What you have to do:
Each and every line below goes into your answer unchanged, but leave out the images.

Dataset extract:
########

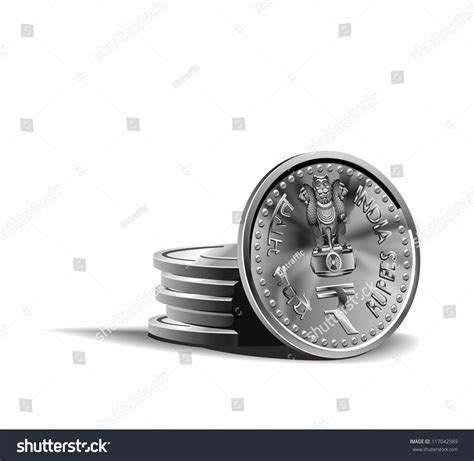 Indian Rupy Coins Vector Illustration Color Stock Vector (Royalty Free) 117042589 | Shutterstock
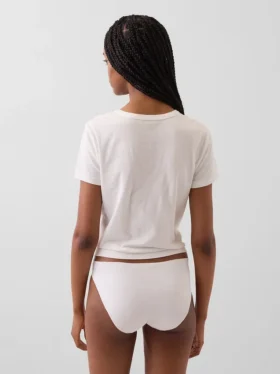 Slip bikini invisibile in cotone biologico elasticizzato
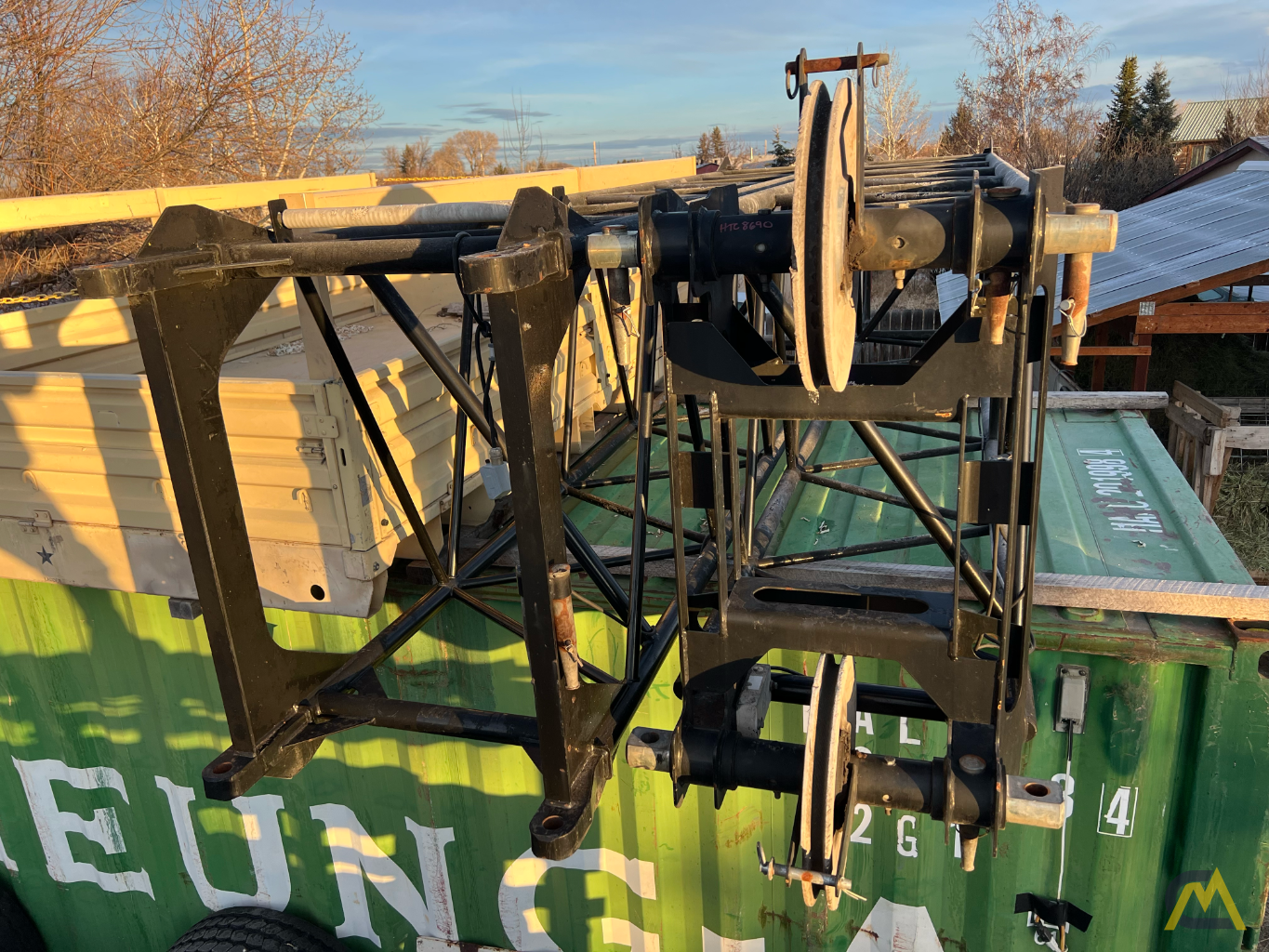 Link-Belt HTC-8690 2 x 16' tubular lattice jib extensions - CranesList ID: 951 12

########

Answer space:
 Indian Rupy Coins Vector Illustration Color Stock Vector (Royalty Free) 117042589 | Shutterstock
 Slip bikini invisibile in cotone biologico elasticizzato
 Link-Belt HTC-8690 2 x 16' tubular lattice jib extensions - CranesList ID: 951 12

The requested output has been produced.